■ **TASK DIRECTIONS**: Among the entries below, which lines run from the line with "Мяч Bluetooth динамик" through the line with "Chọn một ô và"? Retype those, both ends included, exactly and without pictures.

■ **GIVEN RECORDS**:
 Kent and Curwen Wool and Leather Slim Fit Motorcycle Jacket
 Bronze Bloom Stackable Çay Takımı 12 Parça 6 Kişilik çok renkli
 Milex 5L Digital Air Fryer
* * *
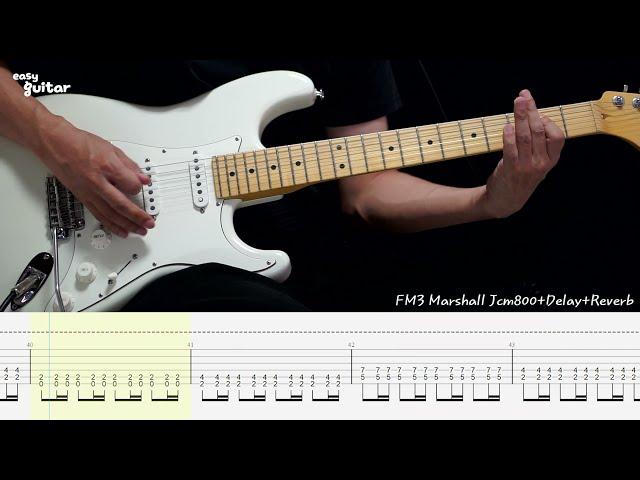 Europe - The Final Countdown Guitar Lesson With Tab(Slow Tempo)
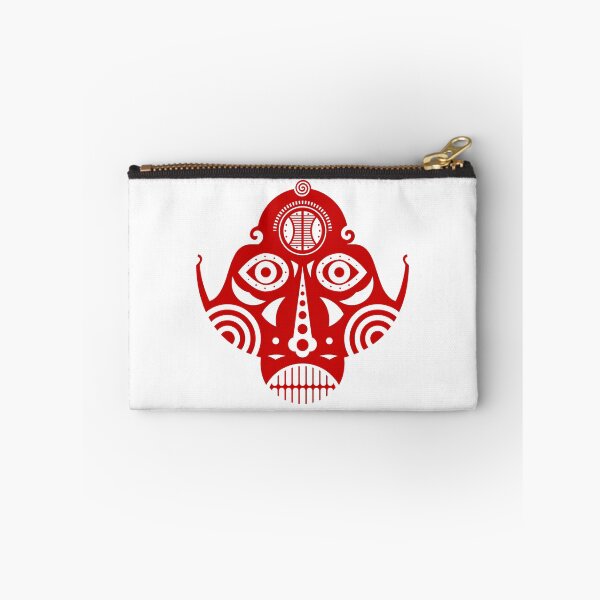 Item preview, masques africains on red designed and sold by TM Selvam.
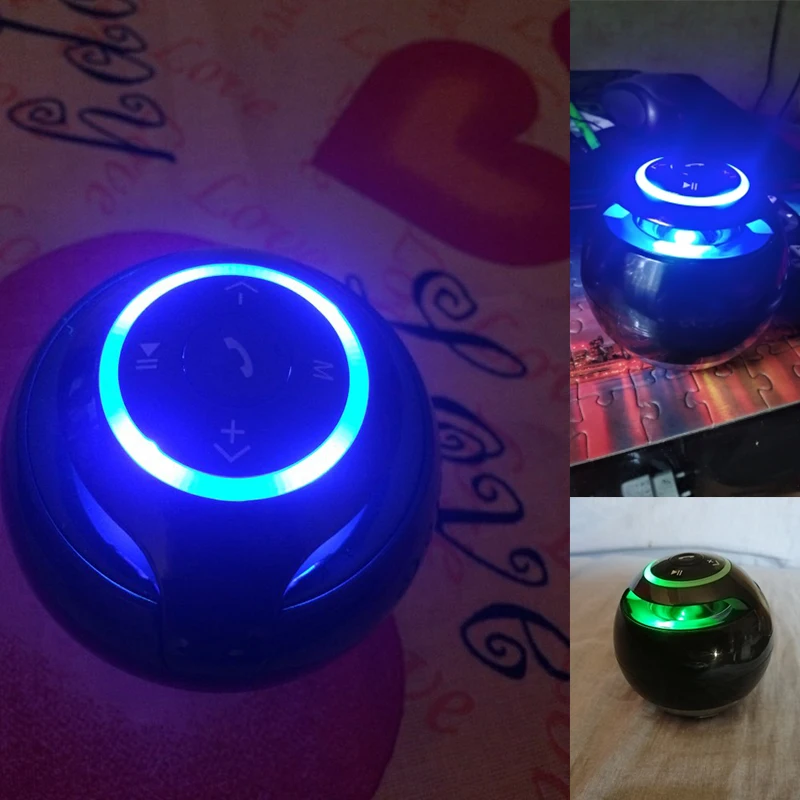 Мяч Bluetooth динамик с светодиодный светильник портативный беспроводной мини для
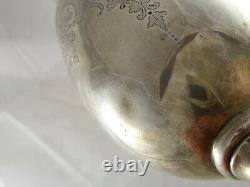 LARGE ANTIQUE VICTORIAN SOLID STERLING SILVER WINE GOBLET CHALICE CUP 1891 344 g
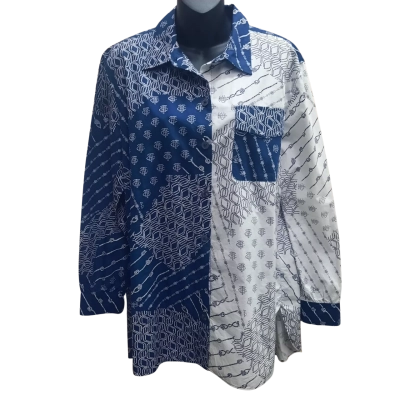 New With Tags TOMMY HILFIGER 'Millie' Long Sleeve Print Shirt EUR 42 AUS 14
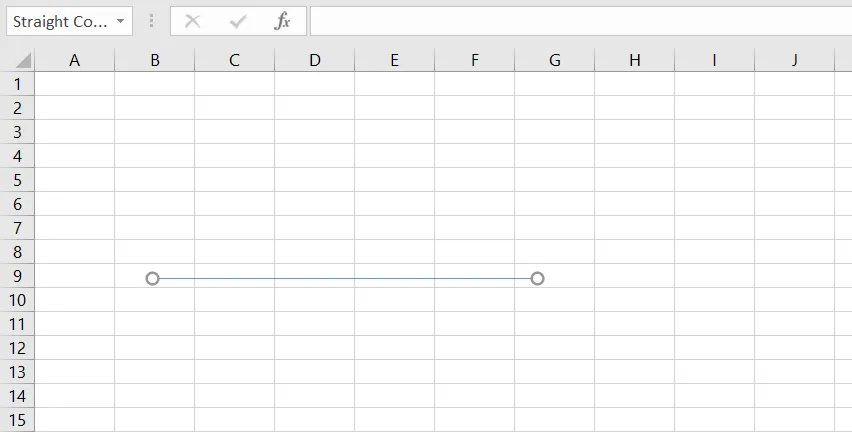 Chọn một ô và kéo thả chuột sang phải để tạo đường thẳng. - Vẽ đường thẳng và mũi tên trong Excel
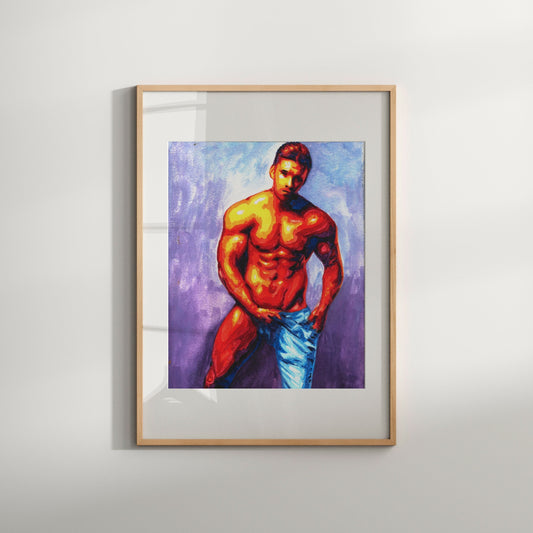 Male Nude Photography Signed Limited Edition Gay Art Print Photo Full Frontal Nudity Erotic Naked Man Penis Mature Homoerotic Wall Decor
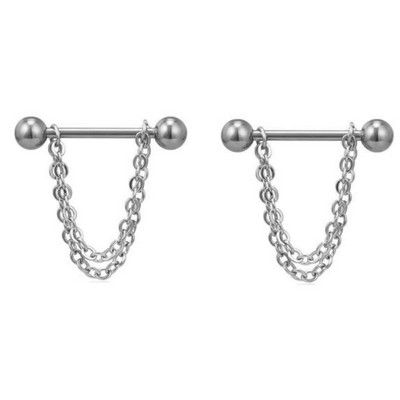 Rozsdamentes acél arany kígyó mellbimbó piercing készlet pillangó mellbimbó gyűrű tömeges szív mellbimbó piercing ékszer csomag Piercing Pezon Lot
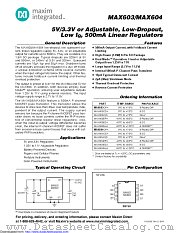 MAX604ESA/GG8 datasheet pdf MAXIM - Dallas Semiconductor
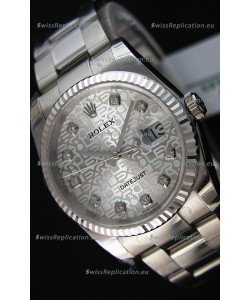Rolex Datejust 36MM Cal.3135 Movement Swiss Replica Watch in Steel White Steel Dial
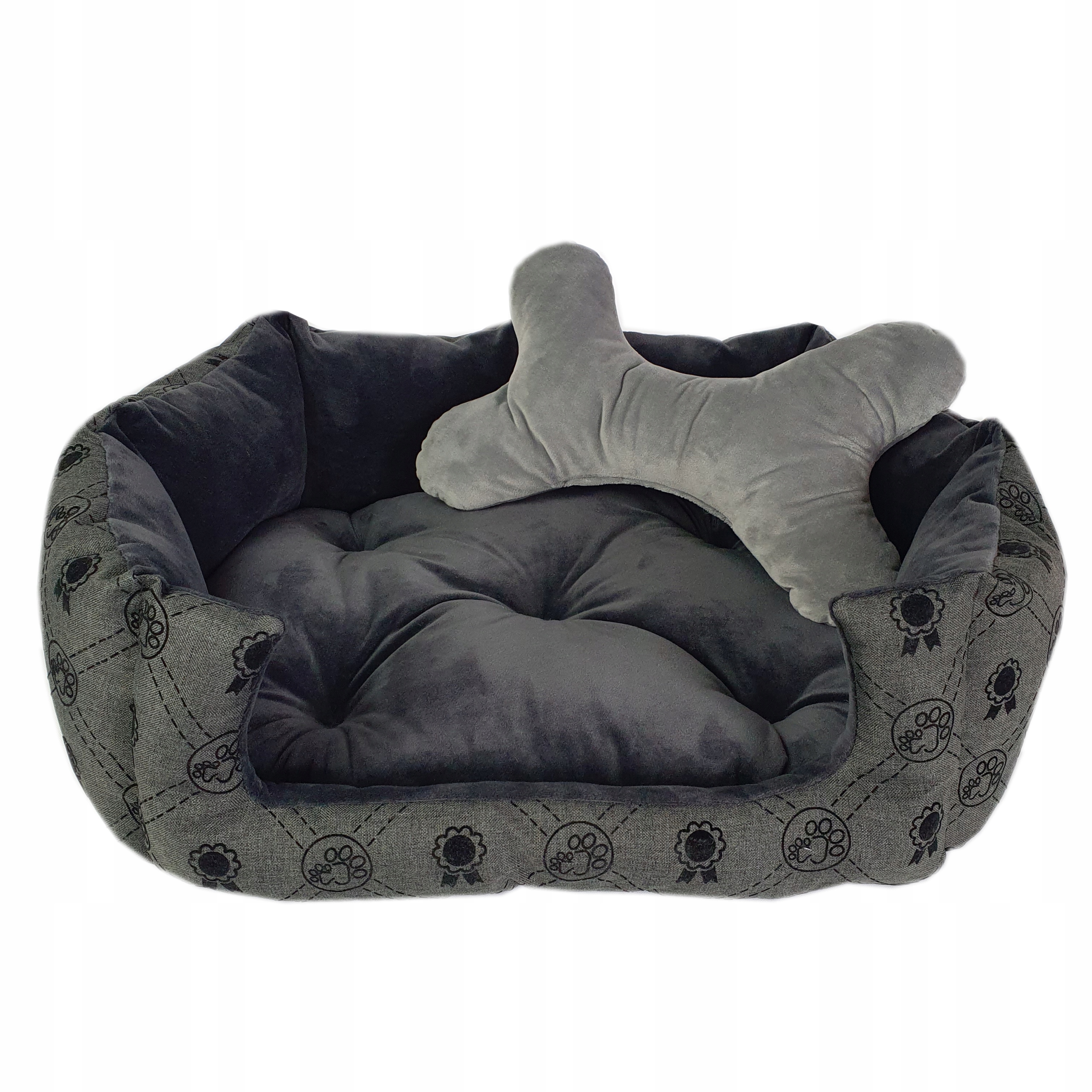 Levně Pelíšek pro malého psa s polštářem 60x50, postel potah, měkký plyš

■ **WRITTEN RESPONSE**:
 Мяч Bluetooth динамик с светодиодный светильник портативный беспроводной мини для
 LARGE ANTIQUE VICTORIAN SOLID STERLING SILVER WINE GOBLET CHALICE CUP 1891 344 g
 New With Tags TOMMY HILFIGER 'Millie' Long Sleeve Print Shirt EUR 42 AUS 14
 Chọn một ô và kéo thả chuột sang phải để tạo đường thẳng. - Vẽ đường thẳng và mũi tên trong Excel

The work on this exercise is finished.